The Craig Press reported in January that the Moffat County Clerk and Recorder’s office would likely not be able to conduct the election due to a lack of training, a development that left city officials scrambling to contract election services.
City and county officials weren’t sure if the county’s new clerk and recorder would complete specialized elections training in time to conduct the April 2 election, but in February, the Colorado secretary of state helped provide Moffat County with the election services it needed.
During a special meeting Feb. 7, the Craig City Council finalized an emergency ordinance to hold the April 2 municipal election.
According to Moffat County’s Chief Deputy Clerk and Recorder Debbie Winder, ballots will be mailed to almost 5,000 Craig residents on or about March 11. Those ballots can be mailed back or dropped off at a ballot box at the Moffat County Courthouse beginning the first day of early voting March 25. Ballots may be returned directly to the clerk and recorder’s office during normal business hours until Saturday, March 30. All mail-in ballots are due to be mailed in or delivered to by 7 p.m. Election Day, according to Winder.
“Most people fill in their mail-in ballot and send it. It’s really easy,” said Craig City Attorney Sherman Romney of the mail-in ballots. “I think there’s more voter participation that way.”
The election will fill three council seats opened by Joe Bird, who hit his term limit; Derek Duran, who decided not to run again; and Jarrod Ogden — who is challenging incumbent Craig Mayor John Ponikvar.

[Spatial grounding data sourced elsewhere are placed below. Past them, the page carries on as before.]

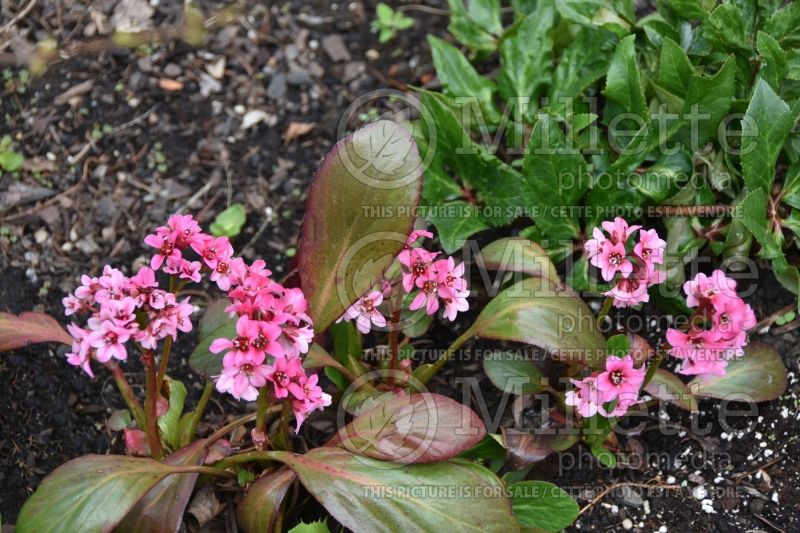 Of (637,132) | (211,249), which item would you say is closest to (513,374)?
(637,132)

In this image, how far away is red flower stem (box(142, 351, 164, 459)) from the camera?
2.31m

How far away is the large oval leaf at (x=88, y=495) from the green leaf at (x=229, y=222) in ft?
4.02

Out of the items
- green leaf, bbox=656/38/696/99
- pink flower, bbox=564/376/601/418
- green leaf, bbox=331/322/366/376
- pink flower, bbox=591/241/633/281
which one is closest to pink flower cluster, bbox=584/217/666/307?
pink flower, bbox=591/241/633/281

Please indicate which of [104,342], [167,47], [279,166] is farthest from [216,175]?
[104,342]

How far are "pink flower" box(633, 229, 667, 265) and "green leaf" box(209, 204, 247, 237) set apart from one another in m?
1.63

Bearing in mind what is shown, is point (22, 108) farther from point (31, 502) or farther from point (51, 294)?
point (31, 502)

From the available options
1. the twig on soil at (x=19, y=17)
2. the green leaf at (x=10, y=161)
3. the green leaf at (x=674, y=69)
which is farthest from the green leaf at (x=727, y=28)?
the twig on soil at (x=19, y=17)

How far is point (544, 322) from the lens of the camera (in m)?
2.49

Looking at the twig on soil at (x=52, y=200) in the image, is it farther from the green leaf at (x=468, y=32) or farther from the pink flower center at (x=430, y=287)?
the pink flower center at (x=430, y=287)

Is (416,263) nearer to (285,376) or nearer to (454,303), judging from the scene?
(454,303)

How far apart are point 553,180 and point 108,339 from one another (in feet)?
4.96

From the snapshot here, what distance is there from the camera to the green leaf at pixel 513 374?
9.02 ft

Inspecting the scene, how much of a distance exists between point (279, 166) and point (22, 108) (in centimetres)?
112

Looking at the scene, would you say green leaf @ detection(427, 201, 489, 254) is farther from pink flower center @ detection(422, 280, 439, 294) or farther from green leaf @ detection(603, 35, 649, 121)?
green leaf @ detection(603, 35, 649, 121)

According to City Clerk Liz White, six candidates will be on the April 2 ballot for city council — Paul James, Eric Simo, Joshua Veenstra, Steven Mazzuca, Brian MacKenzie, and Stephen Tucker.
But only three seats are open, meaning voters will have some choices to make.

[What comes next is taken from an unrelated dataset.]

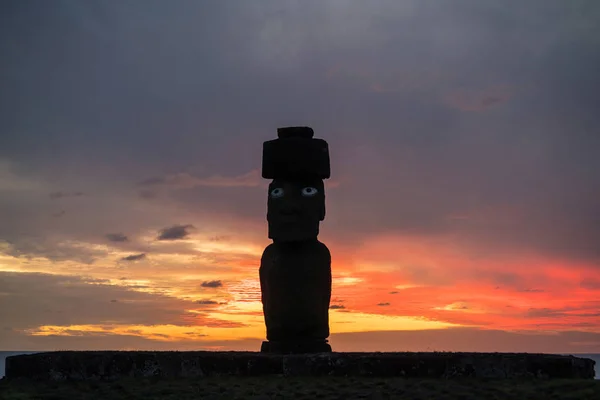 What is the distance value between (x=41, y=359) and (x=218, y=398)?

“Everyone (voters) will fill in three spots out of those six, and the top vote-getters will win the seats,” Romney said in a January interview.
The new council will have to tackle several issues facing Craig in the coming years, including an impending 2020 deadline to meet changing water quality requirements, several economic development initiatives, and improving internet infrastructure.
To register to vote in the municipal election or any election in Colorado, visit govotecolorado.com.